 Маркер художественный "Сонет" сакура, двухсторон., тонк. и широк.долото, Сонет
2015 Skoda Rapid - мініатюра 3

...

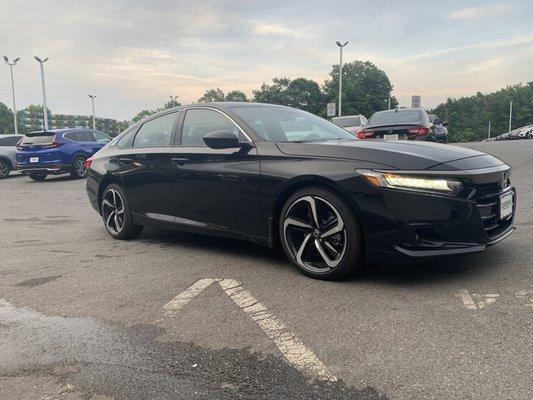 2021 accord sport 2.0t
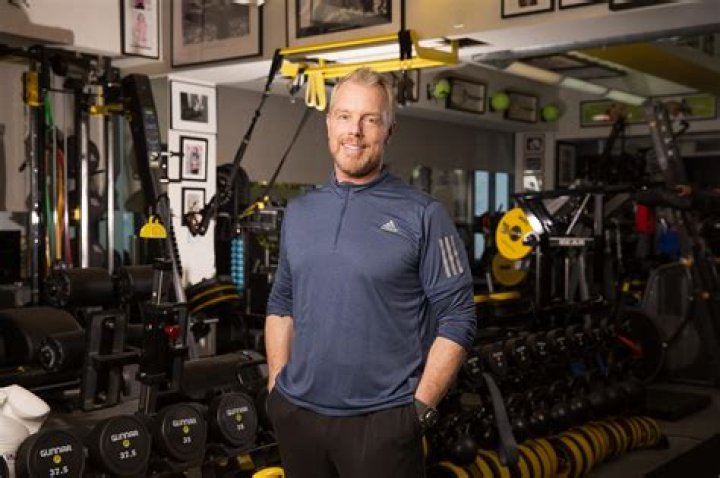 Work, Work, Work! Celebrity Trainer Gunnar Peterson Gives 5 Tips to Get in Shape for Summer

==

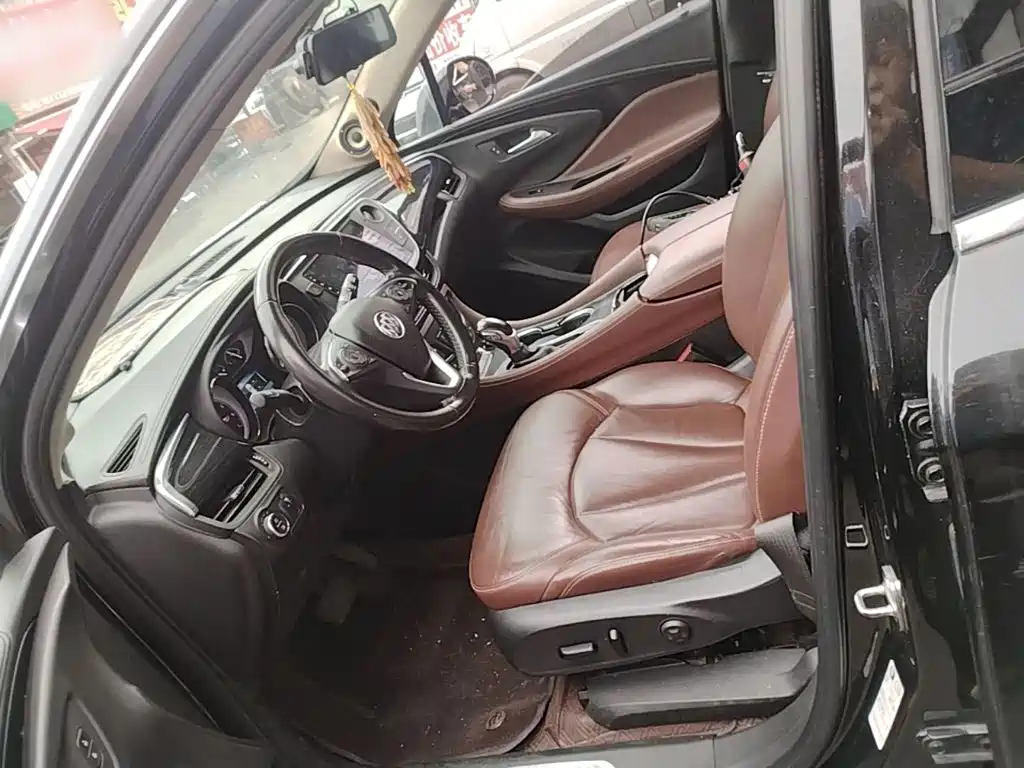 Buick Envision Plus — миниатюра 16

| WHAT IS EXPECTED |
Your task is to copy only the lines above starting at the one containing "2021 accord sport 2.0t" and ending at the one containing "Work, Work, Work!". Copy them exactly, both ends included, and omit the pictures.

| THE COMPLETED TASK |
 2021 accord sport 2.0t
 Work, Work, Work! Celebrity Trainer Gunnar Peterson Gives 5 Tips to Get in Shape for Summer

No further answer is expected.